Popular in the US for decades because of a winning combination of healthy benefits and delicious flavors, Mediterranean cuisine keeps winning fans. With an emphasis on fresh vegetables, lean meats like fish and the good healthy fats found in olive oil and legumes, it’s no wonder that people are exploring these ingredients more. But what makes it Mediterranean, exactly?
Traditionally, the region is classified in three culinary areas: Eastern Mediterranean (places like Greece and Turkey), Southern Europe (Spain and Italy) and North Africa (Morocco, Libya and Tunisia). Let’s explore these areas and a few common ingredients in this tremendously popular food culture.
1. Olives & Olive Oil
We can’t discuss the Mediterranean without discussing the ingredients that make it famous: olives and olive oil. With nuanced flavor that sings on its own next to fresh bread or salumi, olive oil is a foundation for cooking, adding a bright flavor to sautés and enhancing fresh sauces that top everything from pasta to grilled fish. Olives make for delectable, savory appetizers or all-day snacks. Each area has distinctive olives and olive oils to share, from the rounded, nutty flavors of Spain to the potent, herbaceous olive oils of Greece.
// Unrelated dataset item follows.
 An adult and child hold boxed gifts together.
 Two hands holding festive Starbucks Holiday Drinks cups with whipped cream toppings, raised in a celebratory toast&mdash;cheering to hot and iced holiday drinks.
The Mediterranean cook celebrates everything about the lemon, from zest to juice. Preserved lemons are especially common in the North African region, where they combine with dried fruits, chicken, and warm spices like turmeric, cumin and ginger in filling stews. Lemons are also used heavily in the Eastern Mediterranean for dressings and marinades. In the Southern European region, where dishes may be a little richer than their coastal counterparts, you’ll find lemon as a finisher for roasted meats like pork and lamb, and combined with capers in pasta dishes.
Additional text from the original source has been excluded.